I carefully reviewed the recipe from the cookbook and also talked with my grandmother about her process, asking questions along the way. So how much salt should I add? Do I need to shave the feet first? How much pickling spice? How did you eat the pig’s feet?

Notes on Cooking Feet

I followed the recipe for the most part, with a few adjustments according to advice, capabilities, and taste. For example, I added sugar, at my grandma’s suggestion, but I left out pickles. Along the way, I took notes and photos. Here are a few excerpts of my adventures in pig cookery.

Day 1


8:30 am
I opened the packaging and cautiously poke at the feet. After a minute, the smell hit me from the feet, and it wasn’t altogether pleasant…

So the feet went into the pot with water to cover and I dumped in some kosher salt…around 1-2 tablespoons (and added another tablespoon or two later). Then onto the stove with the burner on medium-high to bring the water to a boil. Then I turned the water down to a simmer and let it cook with the timer set for 4 hours. The scent of the cooking feet grew stronger and stronger…to be expected when processing meat at home, but also motivation to consider cooking things like this outside or in a sort of summer kitchen.


11:45 am
Meat really starting to separate from the bones. The joints are relaxing and popping.


12:40 pm
Bones popping out and skin loose. Broth very fatty and rich looking. Smells porky and a little rank.


12:55 pm
The feet seem ready – meat is falling off the bone. Grandma said she threw out the water in which the feet cooked and used fresh water for the pickling brine, but the recipe says to use it. Plus, my gut says its good stuff, with all that fat and bits in there, so I’m using it.


1:33 pm
Feet are picked clean now, so I have a pile of bones and cartilage and another of soft, meaty tissue. I wasn’t sure about the skin, so I called Grandma. She said they not only ate the skin, but they put the whole foot – intact – into the brine, rather than picking off the tissue. Also, at her suggestion, I added sugar to the brine.

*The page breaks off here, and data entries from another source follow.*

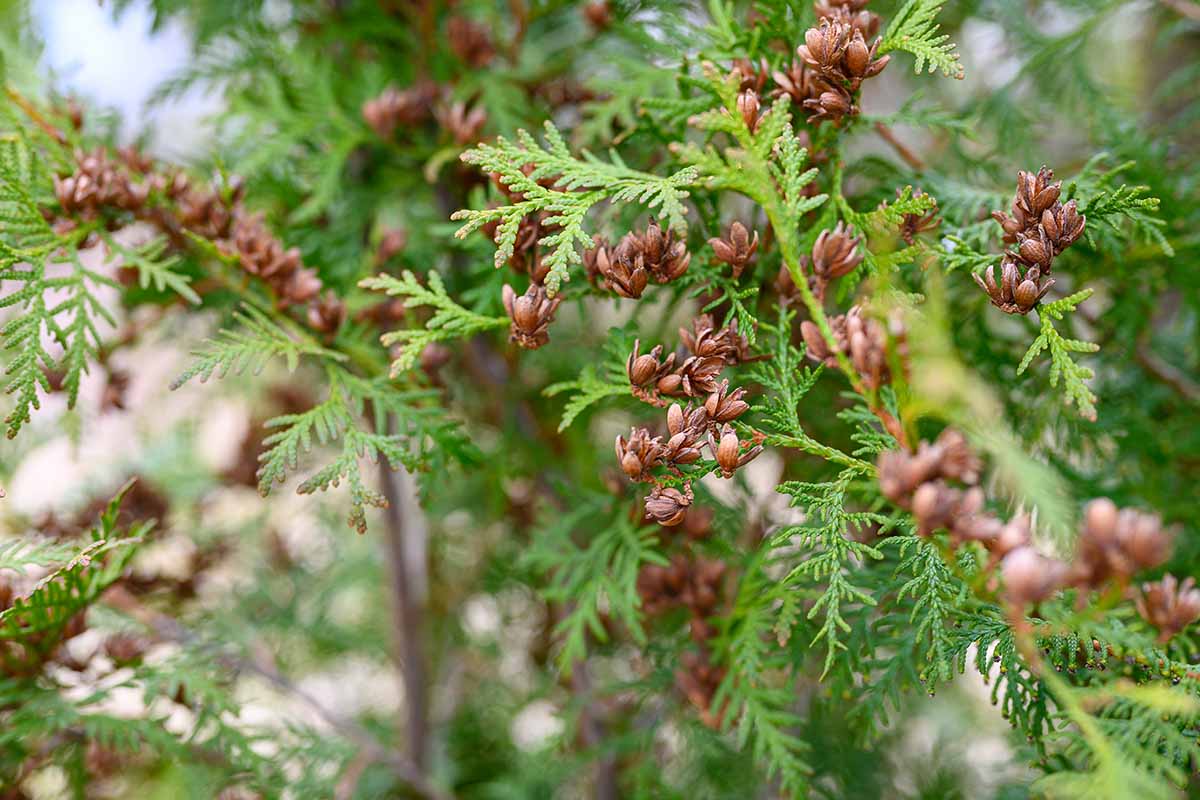A close up horizontal image of mature cones on an arborvitae (Thuja) tree.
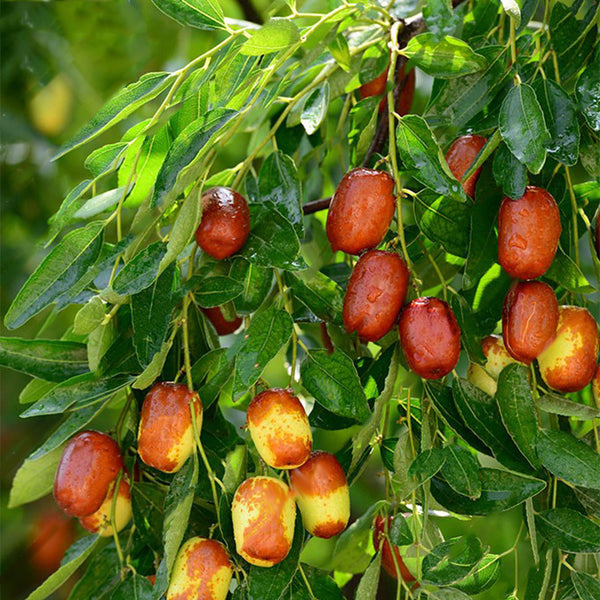 Egrow 10Pcs/Bag Jujube Seeds Real Exotic Fruit Jujube Seeds Bonsai Natural Healthy Perennial Plants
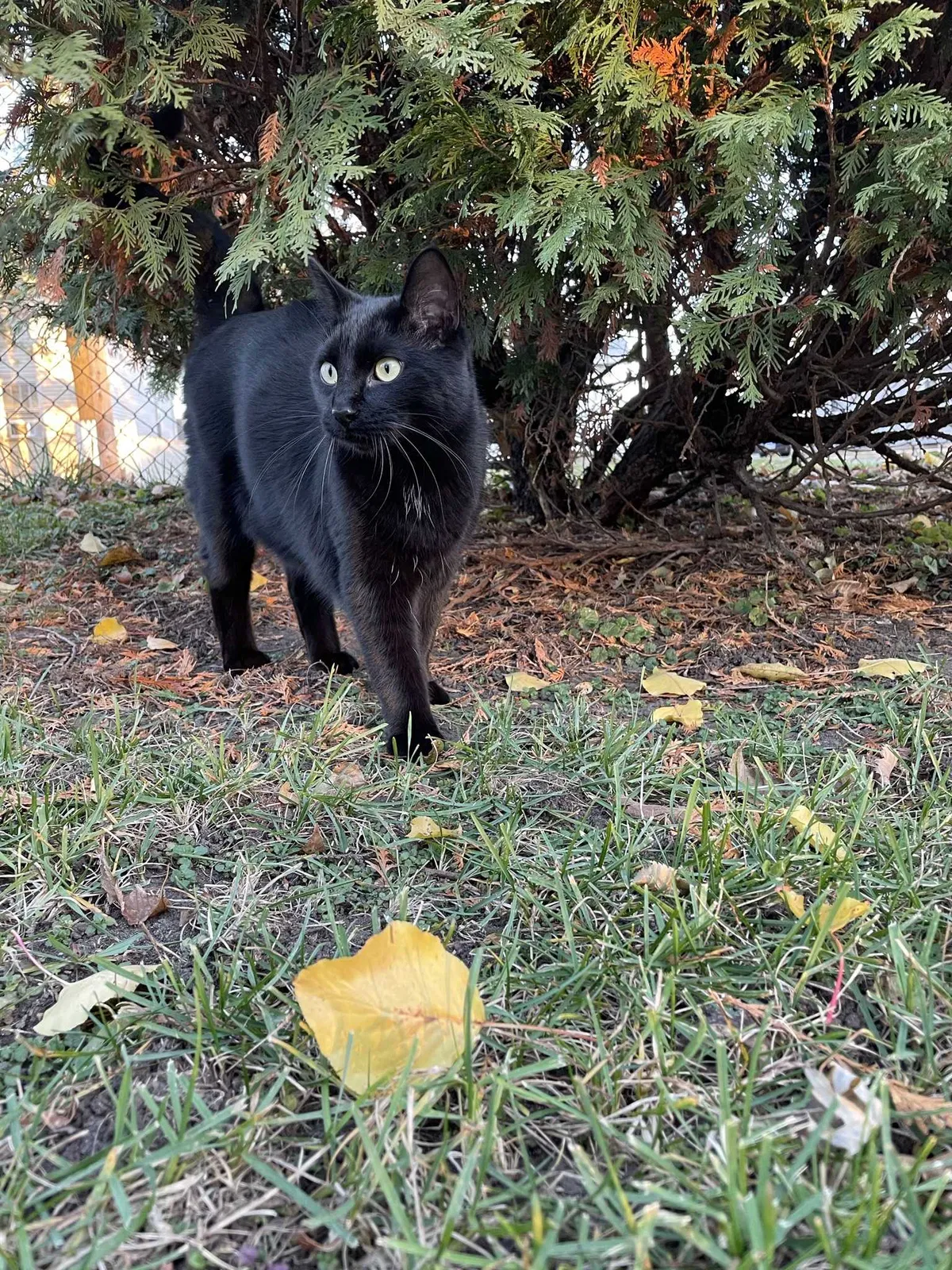 Lost cat in Rockford, IL, 61109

So in the end, I picked off the meat and tossed it in with the brine after I fished out the spices. Then I ladled the brine and meat into a bread pan lined with plastic wrap. There was a bit more than fit into my big loaf pan, so I also made a baby loaf.


2:00 pm
I placed both loaf pans full of the pickled meat on a small cookie sheet and placed them on the top shelf of my refrigerator.

Day 2


7:30 pm
I got home from work and was greeted by two nicely gelled-up loaves of pickled pig’s feet. I inverted the pans and jiggled and tugged the plastic until the meat slid out.

And then the moment of truth

…the taste.

Hmm…firm texture…highly spiced…holy brine! I recognized the flavor of German pickling. Not unpleasant, but pretty strong. And too much vinegar. The real pork flavor came in the third bite, when I got a more significant piece of flesh. A taste reminiscent of the scent of the cooking feet – rich, funky, porky. Closer to the true porky flavor I was hoping to achieve.

In the end, this recipe – or at least my virgin execution of it – resulted in a concoction too strongly spiced to draw out the full, meaty flavor of the feet, as I imagine it is supposed to. Placing the intact feet in the brine, according to my grandmother’s method, rather than picking them clean, would probably yield a greater amount of porkier pork, rather than a mass of congealed brine that also contained meat. That’s how I will do it next time.

Or maybe I’ll look for other things to do with pig’s feet.

A Lesson in Learning

At any rate, this project also got me thinking about traditions and passing them on. Specifically, about learning skills. I really think this project – and the product – would have been better had I learned about it in a different way. I think the process required apprenticeship, someone to teach me in person from their experience – or at least pictures of what I was really trying to accomplish.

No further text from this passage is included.